▸ Information supplied:
--------------------------------------------------

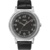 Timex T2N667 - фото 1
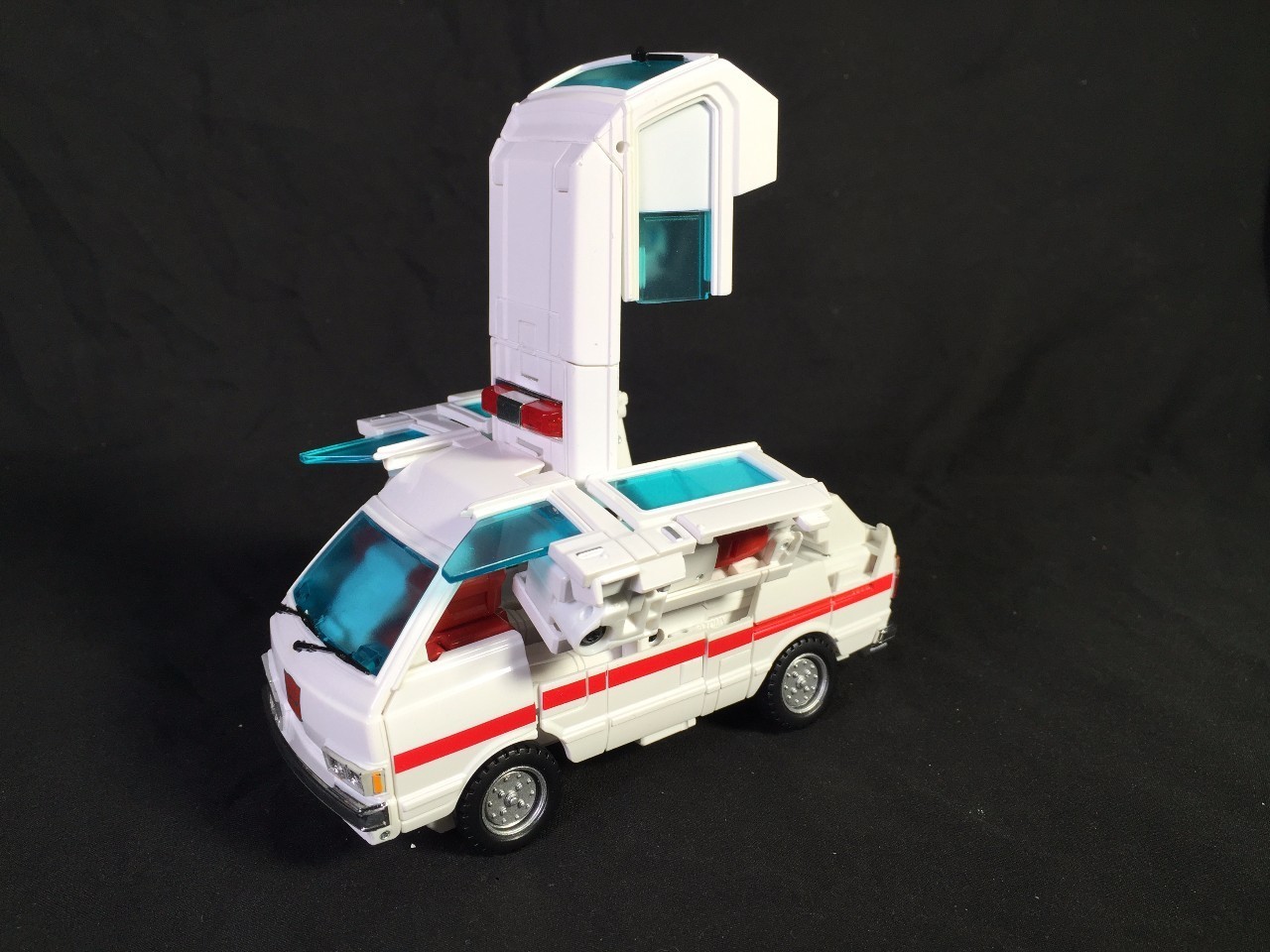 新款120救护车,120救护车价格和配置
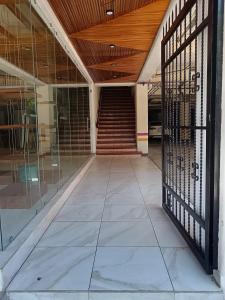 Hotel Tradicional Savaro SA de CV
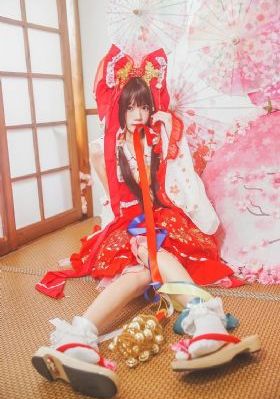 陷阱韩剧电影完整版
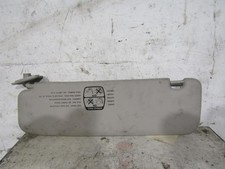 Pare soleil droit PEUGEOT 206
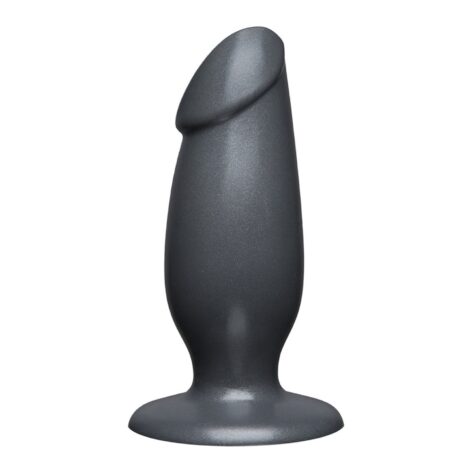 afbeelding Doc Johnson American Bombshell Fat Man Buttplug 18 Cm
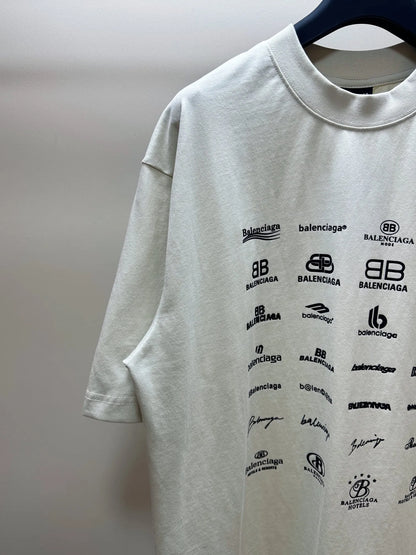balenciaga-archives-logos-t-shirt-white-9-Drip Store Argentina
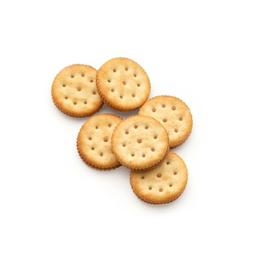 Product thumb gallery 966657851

--------------------------------------------------

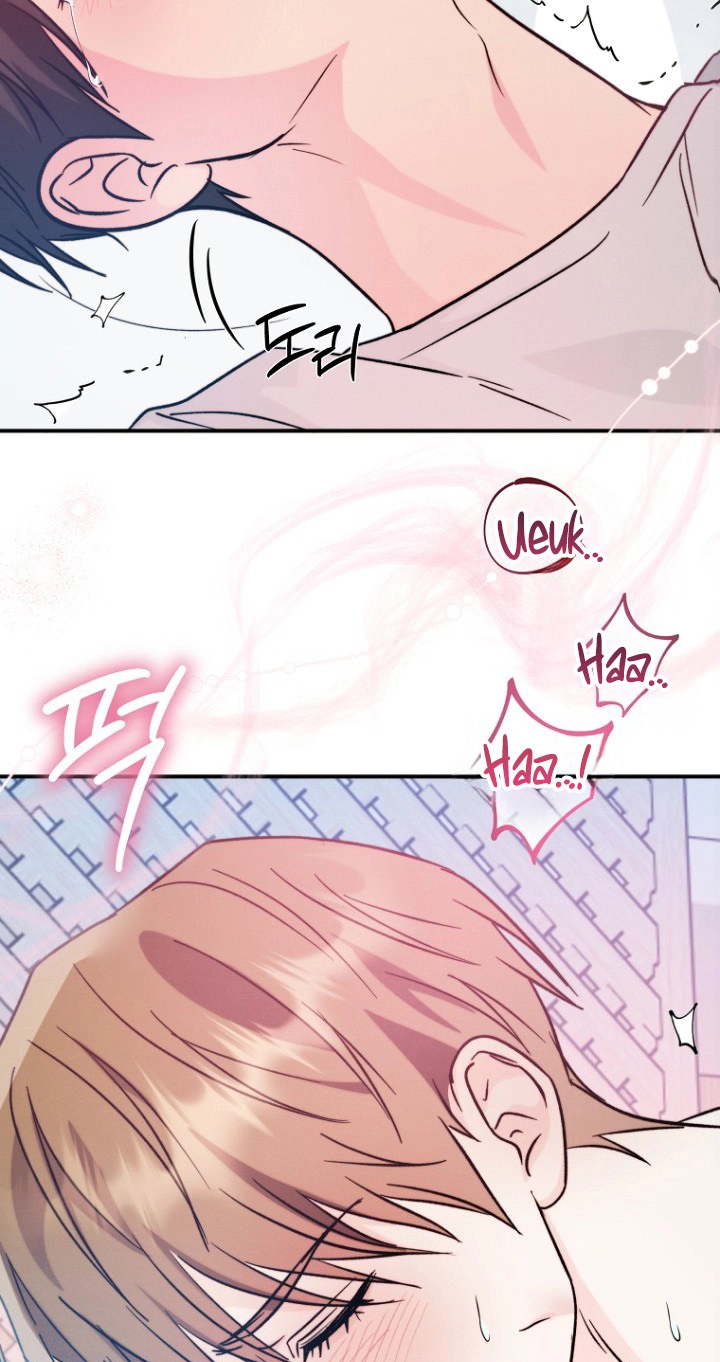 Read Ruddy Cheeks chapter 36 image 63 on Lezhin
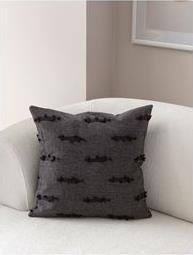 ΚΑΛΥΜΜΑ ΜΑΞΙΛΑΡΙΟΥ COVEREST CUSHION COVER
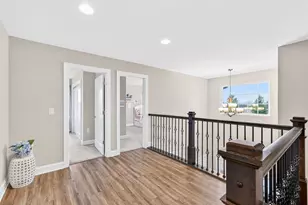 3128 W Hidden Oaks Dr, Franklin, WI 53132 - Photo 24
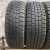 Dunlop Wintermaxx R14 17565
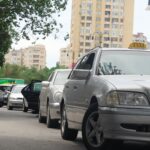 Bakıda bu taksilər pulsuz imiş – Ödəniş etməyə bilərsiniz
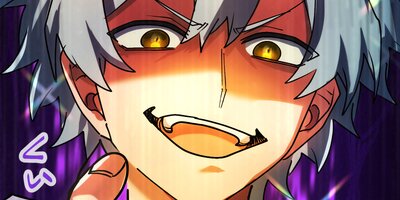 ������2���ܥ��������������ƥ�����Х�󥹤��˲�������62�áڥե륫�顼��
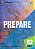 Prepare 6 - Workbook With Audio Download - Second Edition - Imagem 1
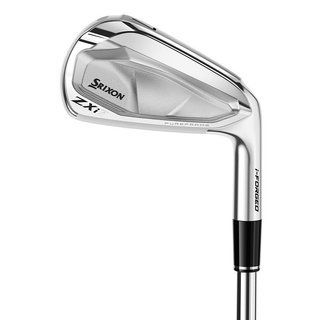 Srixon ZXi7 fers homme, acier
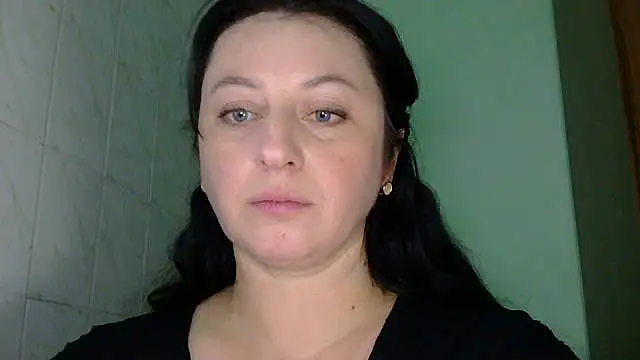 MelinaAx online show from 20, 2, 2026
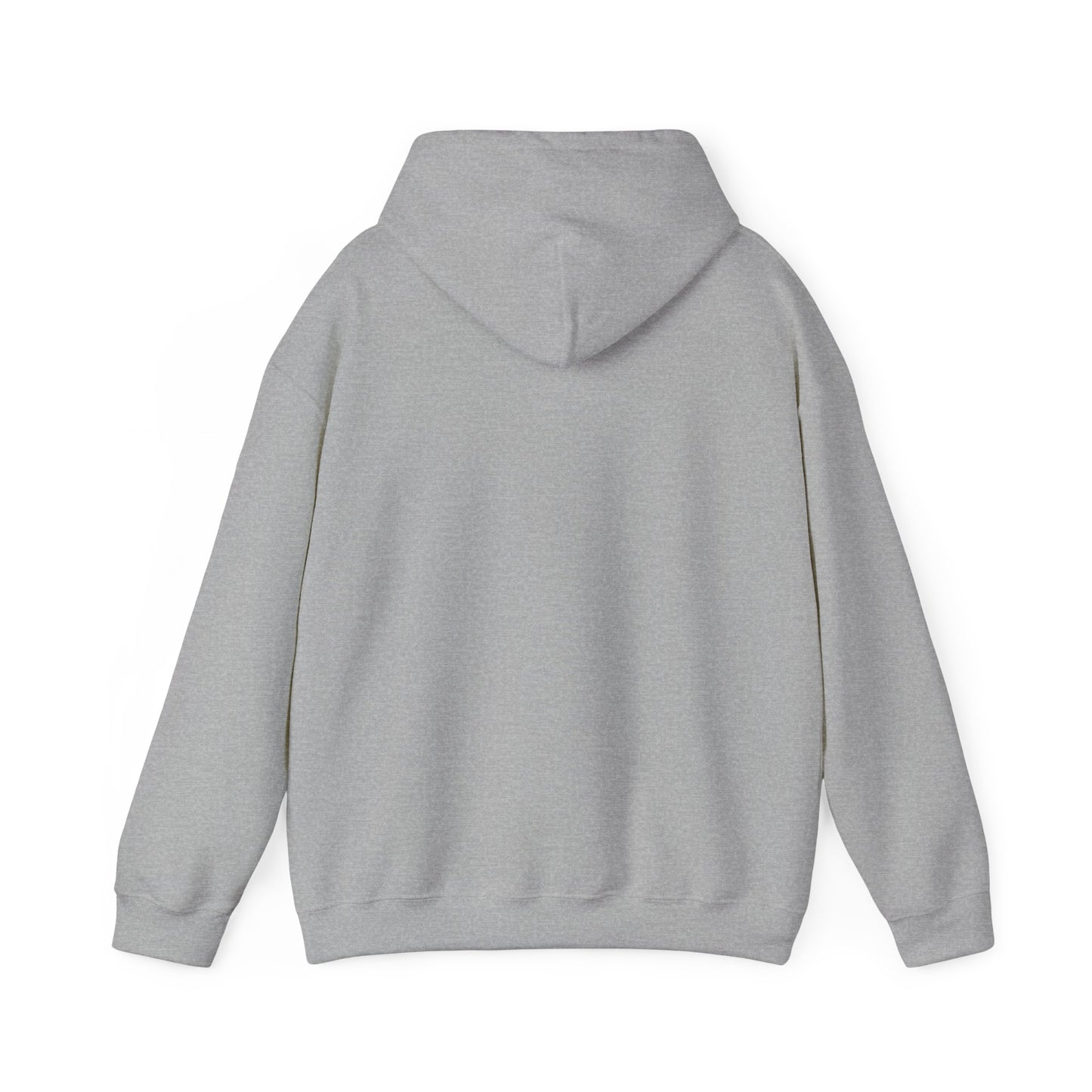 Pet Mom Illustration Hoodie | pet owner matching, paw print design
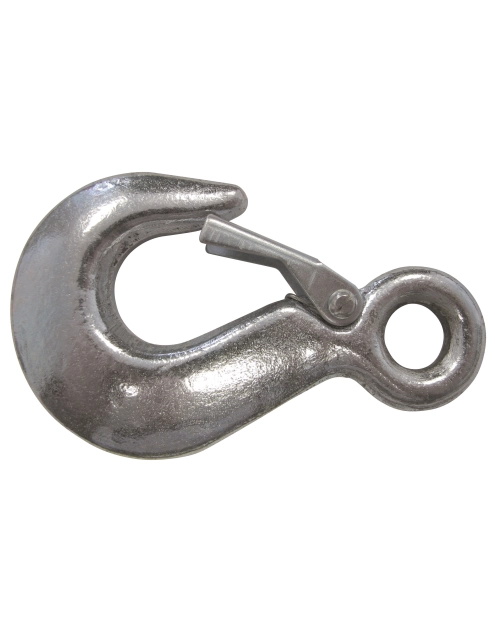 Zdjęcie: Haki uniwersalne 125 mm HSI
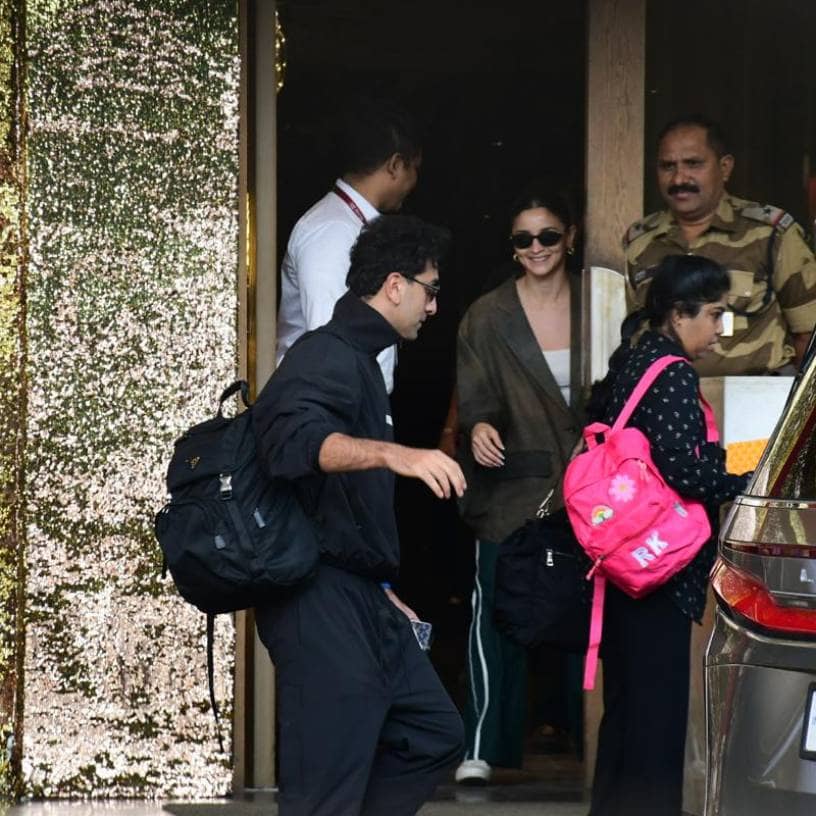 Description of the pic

--------------------------------------------------

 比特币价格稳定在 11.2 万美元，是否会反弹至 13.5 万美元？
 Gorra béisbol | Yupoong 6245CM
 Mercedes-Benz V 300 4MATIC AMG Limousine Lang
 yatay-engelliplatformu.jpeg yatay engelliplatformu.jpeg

--------------------------------------------------

▸ About this task: From the records above, copy only the lines running from the line holding "Hotel Tradicional Savaro SA de CV" through the line holding "Product thumb gallery 966657851", with no pictures.

▸ Solved exercise:
 Hotel Tradicional Savaro SA de CV
 陷阱韩剧电影完整版
 Pare soleil droit PEUGEOT 206
 afbeelding Doc Johnson American Bombshell Fat Man Buttplug 18 Cm
balenciaga-archives-logos-t-shirt-white-9-Drip Store Argentina
 Product thumb gallery 966657851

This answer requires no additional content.